Jeremy Stein Cushman (born December 19, 1990) is an American violinist and violist.

== Music career ==
Cushman made his solo orchestral debut at the age of eight with the Great Neck Philharmonic and, at the age of nine, was featured on the CBS Early Show with Bryant Gumbel after winning the FAO/CBS international talent search. In 2002, he was selected to perform as Microsoft's Symbol of Potential for its annual convention in the New Orleans Superdome. At the age of twelve, Cushman won the 2003 New York City talent competition at Manhattan’s Heckscher Theatre. He also gave two performances at Madison Square Garden for in the Knicks Kids Talent Search semi-finals and finals, where he earned the title of "Most Talented Boy of 2002-2003". Cushman was also performed in Zürich, Switzerland in a benefit performance for UNICEF, performed as a soloist at Lincoln Center's Avery Fisher Hall, and gave a solo recital at New York's Steinway Hall to raise funds for the concert’s sponsor: Variety, the Children's Charity.

Cushman has appeared with a variety of orchestras, including as a guest soloist with the New York Riverside Orchestra, the Queens Symphony Orchestra, the Queensborough Orchestra, the Great Neck Philharmonic, and as a repeat guest soloist with the Nassau Pops Symphony Orchestra.

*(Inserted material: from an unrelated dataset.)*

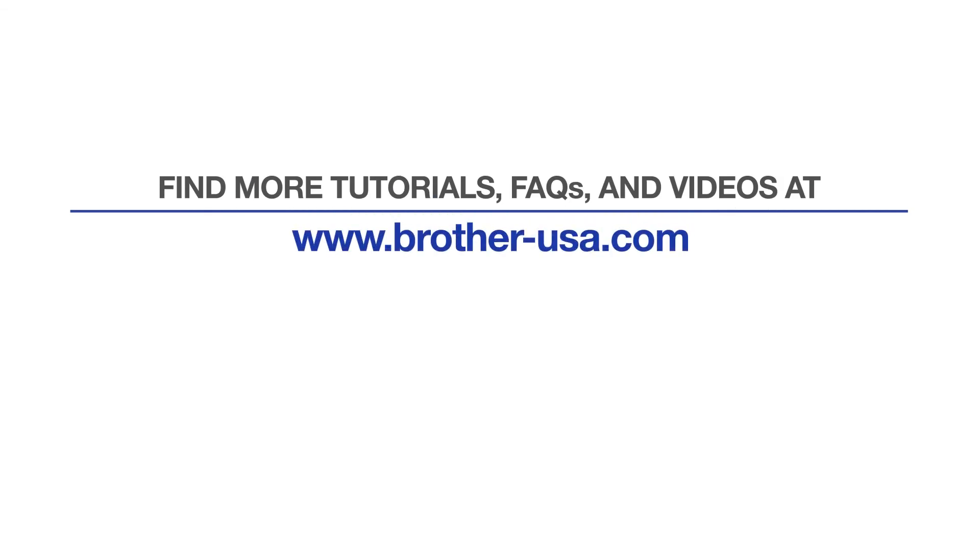For more tutorials, FAQs, and videos, visit us at brother-usa.com/support. If you found this video helpful, be sure to subscribe. Thank you for choosing Brother.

He also toured London and Scotland as concertmaster and soloist of the Children's Orchestra Society's Young Symphonic Ensemble. In April 2006, Cushman won the American Fine Arts Festival young performers competition. In June 2006, he performed the Tchaikovsky Violin Concerto with the Scottsdale Symphony in Scottsdale, Arizona, and in October 2007, he was invited to give a solo recital as part of the Artists Ascending concert series in Memphis, Tennessee. In June 2008, he performed Bruch's Violin Concerto No. 1 in Carnegie Hall with the Young Symphonic Ensemble.

Cushman performed in a special 9/11 memorial ceremony hosted by Secretary General Kofi Annan at the United Nations. In addition, Cushman spent many years as the featured soloist for the Tarumi Violinists, performing in Carnegie Hall, and the White House, at the official New York City and New York State celebrations of Israel's 50th anniversary, and on concert tours of Japan, Taiwan, Argentina and Hong Kong. Cushman began his studies with teacher Yukako Tarumi at the age of five and studied with Juilliard professor Shirley Givens throughout high school.

== Physics ==

Cushman graduated as valedictorian of Benjamin N. Cardozo High School in 2008 and received a B.A. in physics from Harvard College in 2012. He received a M.S. in physics from Yale University in 2012 and is currently a Ph.D. candidate at the same, working on the CUORE Experiment.